**Exercise prompt**:
From the listing below, set down exactly the lines between the one holding "A fully equipped" and the one holding "1993 Ford Probe", inclusive. No other line is wanted.

**Records**:
────────────────────

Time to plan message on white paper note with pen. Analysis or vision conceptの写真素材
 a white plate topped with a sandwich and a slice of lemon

────────────────────

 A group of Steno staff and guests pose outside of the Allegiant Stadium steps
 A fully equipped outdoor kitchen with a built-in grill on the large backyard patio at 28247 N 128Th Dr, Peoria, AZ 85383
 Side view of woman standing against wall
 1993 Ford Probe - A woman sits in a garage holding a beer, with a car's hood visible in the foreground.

────────────────────

**Answer for the task**:
 A fully equipped outdoor kitchen with a built-in grill on the large backyard patio at 28247 N 128Th Dr, Peoria, AZ 85383
 Side view of woman standing against wall
 1993 Ford Probe - A woman sits in a garage holding a beer, with a car's hood visible in the foreground.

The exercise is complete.